* [ASSIGNMENT] Restate exactly the lines of the entries below, beginning with the first and ending with the line that holds "广东到香港的高铁规划，建成后广深机场将20分钟互通". Pictures are not copied.

Items listed in a dataset
= Beginning of Section =

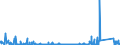 KN 84059000 /Exporte /Einheit = Preise (Euro/Tonne) /Partnerland: Norwegen /Meldeland: Eur27_2020 /84059000:Teile von Generatorgaserzeugern Oder Wassergaserzeugern Sowie von Acetylenentwicklern Oder ähnl. mit Wasser Arbeitenden Gaserzeugern, A.n.g.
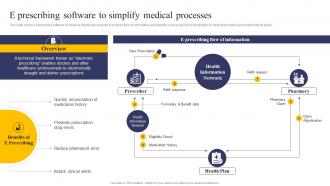 Integrating Health Information System E Prescribing Software To Simplify Medical Processes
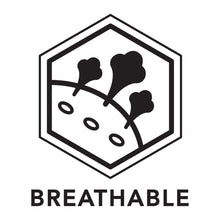 Load image into Gallery viewer, PetLab All-Seasons Dog Walking Utility Jacket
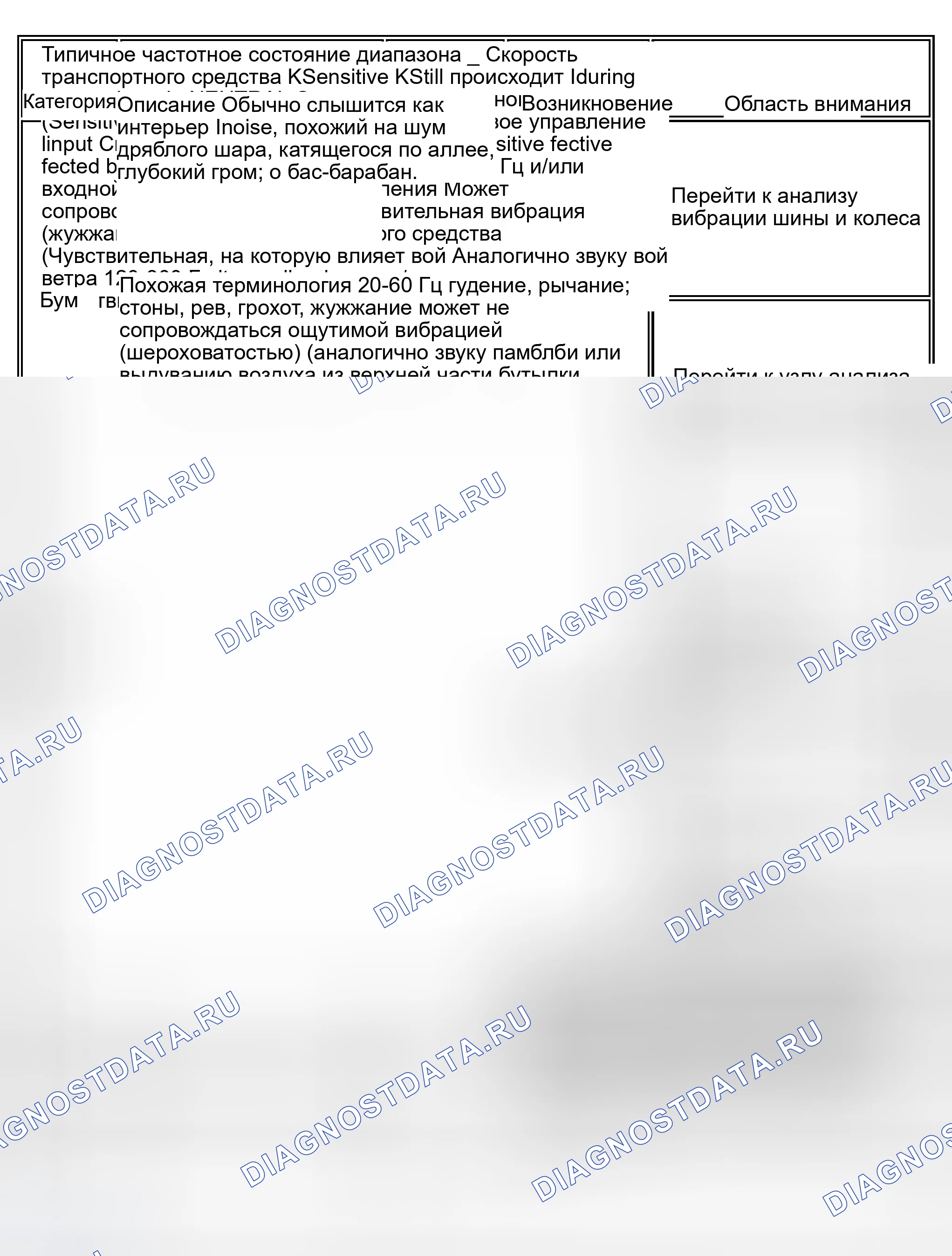 Рис. 20. Kia Ceed CD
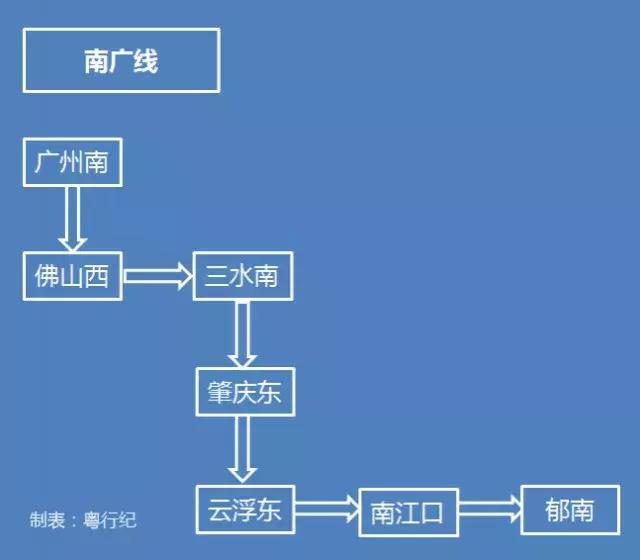 广东到香港的高铁规划，建成后广深机场将20分钟互通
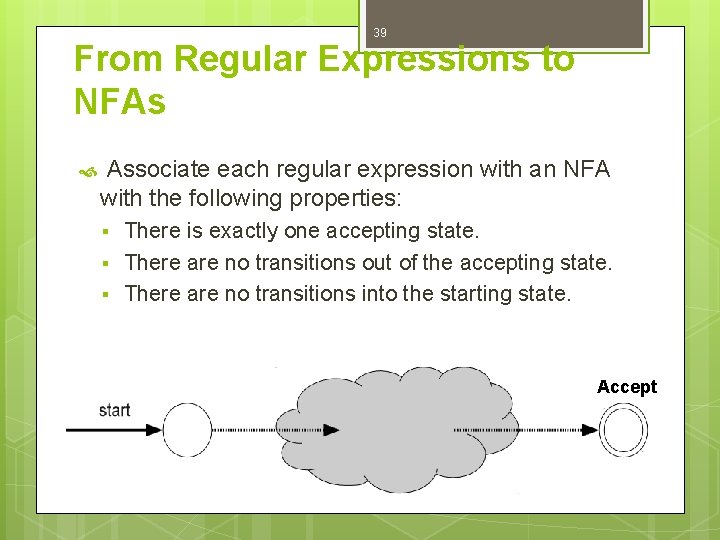 39 From Regular Expressions to NFAs Associate each regular expression with an NFA with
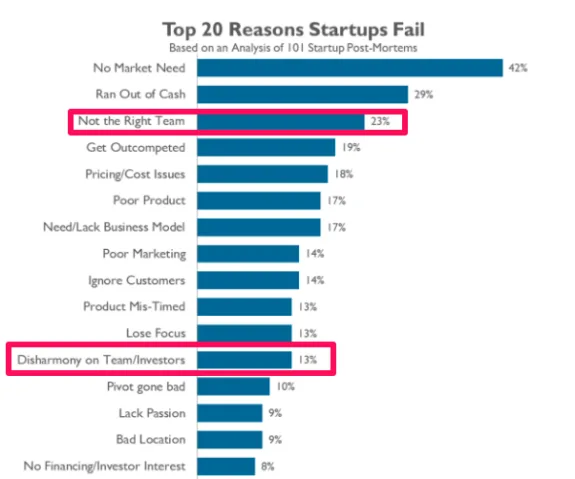 Chart showing top 20 reasons startups fail, including no market need and team issues.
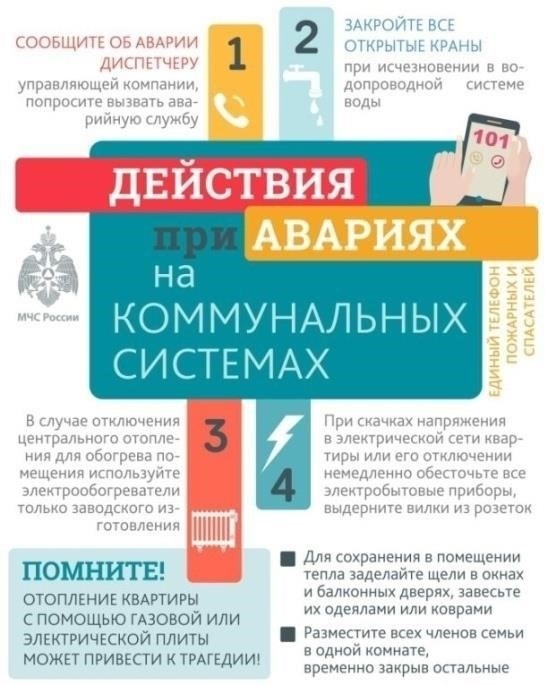 Меры, принимаемые предприятиями для смягчения последствий отключения электроэнергии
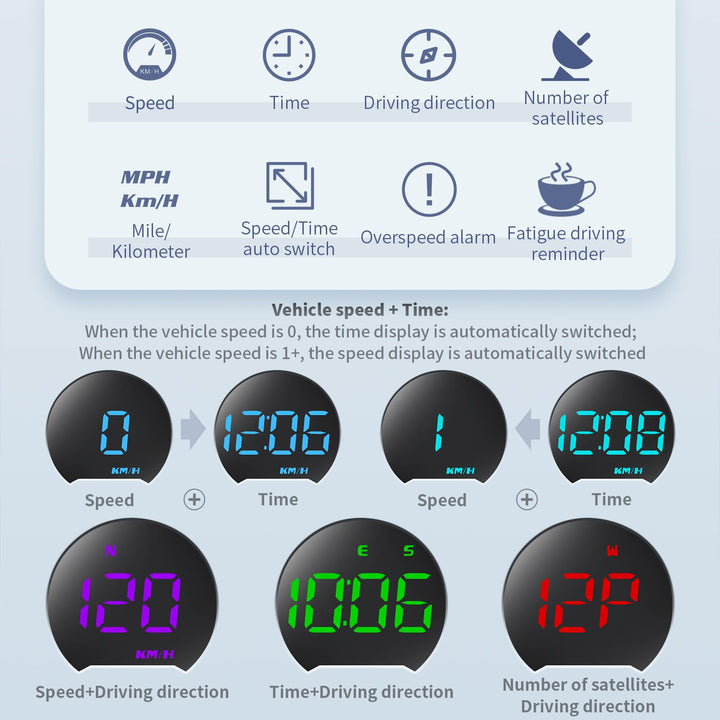 ACECAR Digital GPS Speedometer HUD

= End of Section =

* [EXERCISE OUTPUT]
 KN 84059000 /Exporte /Einheit = Preise (Euro/Tonne) /Partnerland: Norwegen /Meldeland: Eur27_2020 /84059000:Teile von Generatorgaserzeugern Oder Wassergaserzeugern Sowie von Acetylenentwicklern Oder ähnl. mit Wasser Arbeitenden Gaserzeugern, A.n.g.
 Integrating Health Information System E Prescribing Software To Simplify Medical Processes
 Load image into Gallery viewer, PetLab All-Seasons Dog Walking Utility Jacket
 Рис. 20. Kia Ceed CD
 广东到香港的高铁规划，建成后广深机场将20分钟互通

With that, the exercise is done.